More voters than expected cast their ballots in defiance of deadly attacks and threats of violence by insurgents, the Independent Electoral Commission of Iraq said. The Iraqi government had imposed tight security measures, which analysts such as Gohel say prevented ``mass casualties,'' including a ban on cars, travel restrictions, and the closure of international borders.

A series of suicide bombings and mortar attacks at polling stations during the day in Baghdad and other areas killed about 44 people, AP reported. Seven ``foreign fighters'' were arrested as they tried to attack polling centers, Allawi said today.

Oil Falls

Crude oil fell to its lowest in more than two weeks in New York after the election passed without further pipeline sabotage or disruption of oil supplies.

Initial results will be released in stages during the next six days and the final result will be announced within 10 days, the Electoral Commission's Farid Ayar said yesterday.

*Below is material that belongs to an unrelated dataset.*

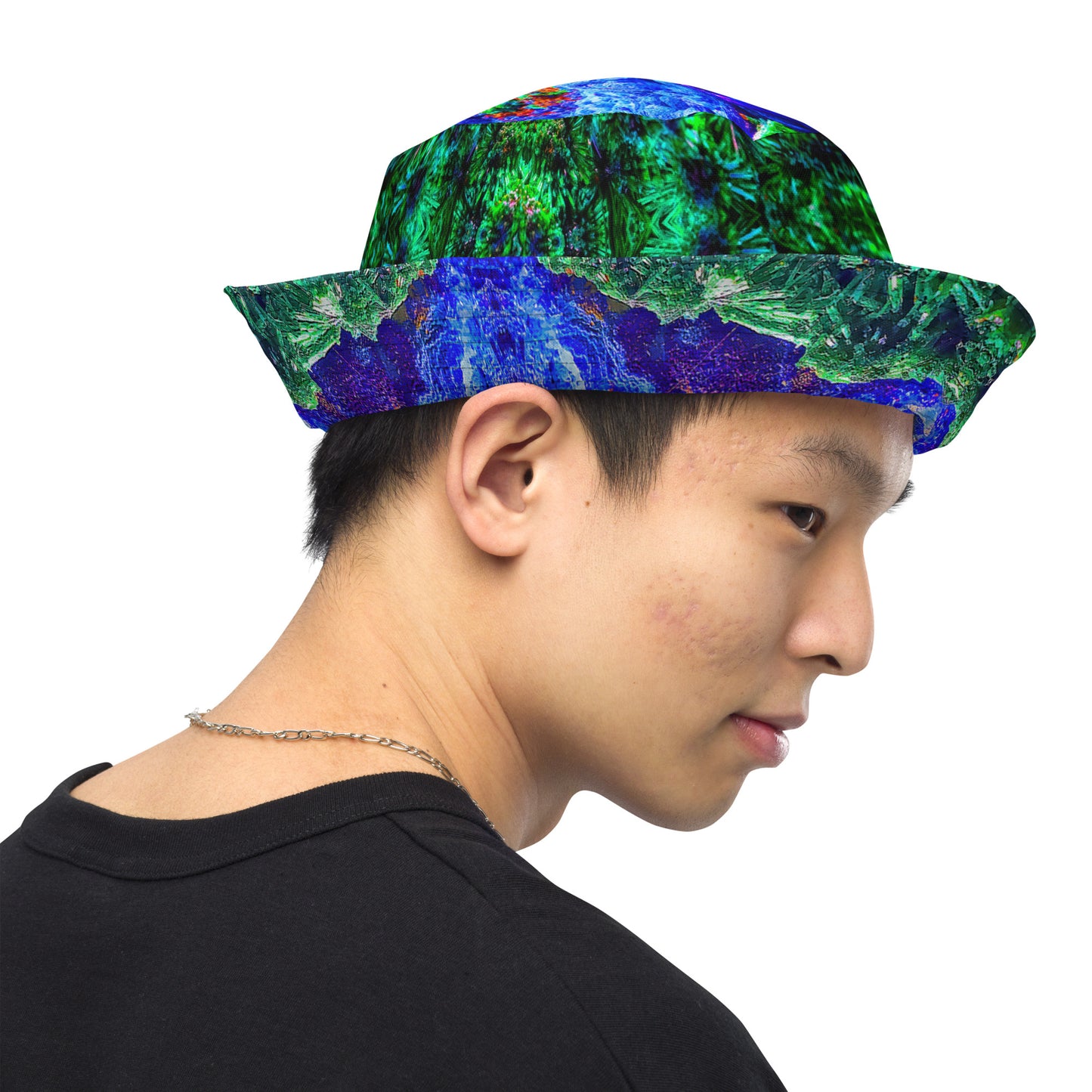 Bucket Hat: Malachite Crystals and Azurite Botryoids, Queen Copper Mine, Bisbee, Arizona, USA, EX Yale, Circa 1900, Original Color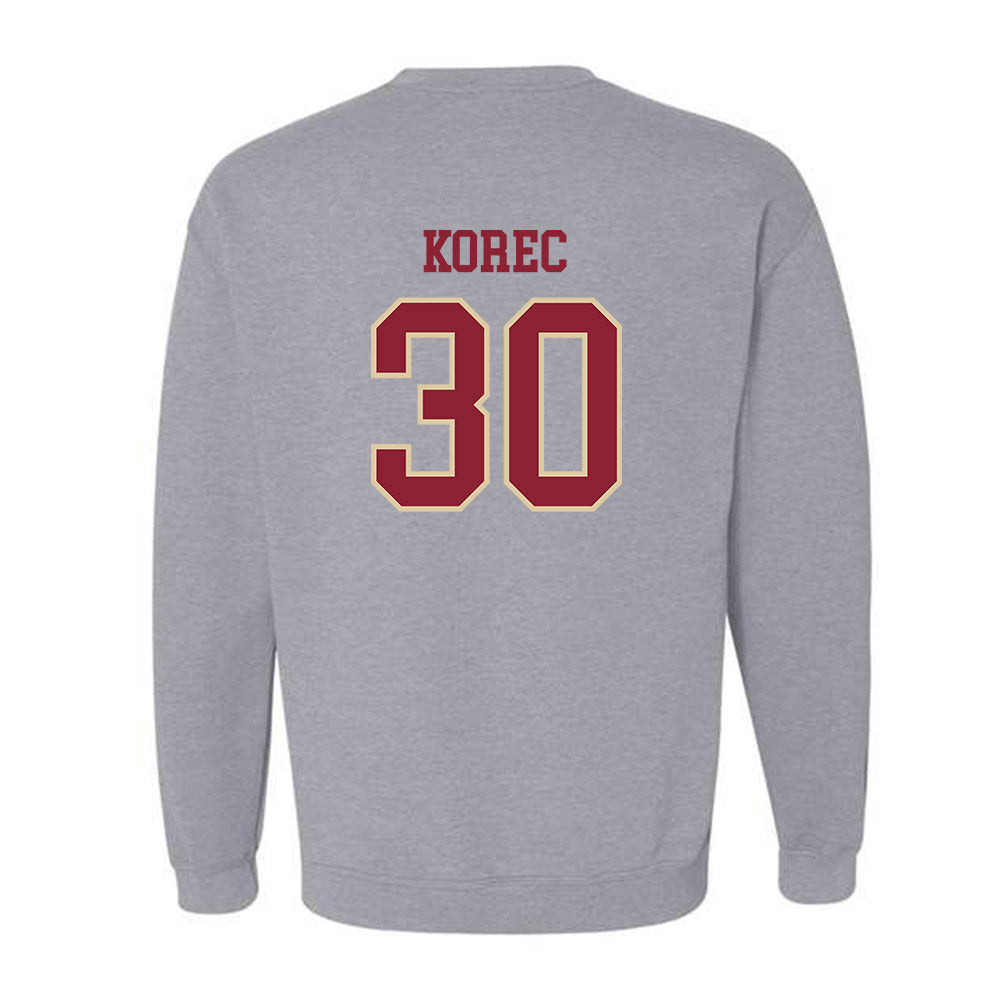 Boston College - NCAA Men's Ice Hockey : Jan Korec - Sports Shersey Crewneck Sweatshirt-1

A poll by the International Republican Institute, a nonpartisan U.S. research group, showed that about 60 percent of Iraqis said Allawi has been effective since taking office. The survey was based on 1,848 valid interviews conducted from Jan. 13 to Jan. 24 in 15 of Iraq's 18 provinces and had a margin or error of 3 percentage points.

Voter Turnout

Turnout ran as high as 80 percent in the southern Shiite cities of Najaf and Basra, al-Arabiya television said, citing its correspondents. Polling centers in parts of the Sunni stronghold of west-central Iraq didn't open or had few voters, residents told the Associated Press. While official figures aren't yet available, other assessments were upbeat.

``I hear that the turnout in Mosul and in Fallujah has been are greater than we had expected, which is a very encouraging thing,'' Adnan Pachachi, a former Iraqi foreign minister who heads the Iraqi Independent Democrats slate of candidates, said on Cable News Network. Mosul, in northern Iraq, and Fallujah, west of Baghdad, are mainly Sunni cities.

``The residents of Mosul came out to vote, and that is a very good sign,'' said Asia-Pacific Foundation's Gohel. ``If the Sunnis feel they will play a meaningful role in Iraq, then that would alienate the insurgents and their impact would be reduced.''

Mosul and Fallujah have produced some of the deadliest violence by rebels.

Annan Reaction

The success of the election augurs well for the transition process in Iraq, United Nations Secretary General Kofi Annan said in a statement.

``It is important to ensure that all individual, groups and parties who, for whatever reason, were unable or unwilling to take part in the election are now brought into the constitution-making process,'' Annan said.

Ammar al-Hakim, a member of the Supreme Council for the Islamic Revolution in Iraq, or Sciri, told Qatar-based al- Jazeera television that the United Iraqi Alliance, the largest political group in the race, is set to win the most votes in Baghdad and the southern provinces.

The alliance includes all the country's Shiite parties and movements, Sciri among them, as well as some Sunni Muslim, Christian and Kurdish groups, and is backed by Iraq's top Shiite cleric, Grand Ayatollah Ali al-Sistani.

Ayatollah's Thanks

``Grand Ayatollah Sistani thanks the Iraqi people for going to the polls,'' Agence France-Presse cited Ayatollah Ahmed al-Safi, a spokesman, as saying in Najaf. Al-Sistani, 74, was born in Iran and was unable to participate in the election.

The fact that Iraqis turned out in ``such large numbers to vote,'' bodes well for secular parties such as Allawi's Iraqi list and Interim President Ghazi al-Yawar's Iraqi People party, Asia Pacific Gohel's said.

Iraqis abroad began voting Jan. 28 in 14 countries from Australia to Iran to the U.S., and turnout reached 65.9 percent, or 186,619 voters of those registered, in the first two days, the Web site of the Iraq Out-of-Country Voting Program showed.

A total of 7,785 men and women registered to run for the assembly, representing 111 entities, including political parties and coalition and individual candidates.

Iraq is treated as one constituency and members of the assembly will be elected according to the proportional vote their slates receive. Iraqis also voted today for 18 provincial councils and a 105-member regional parliament in the Kurdish north.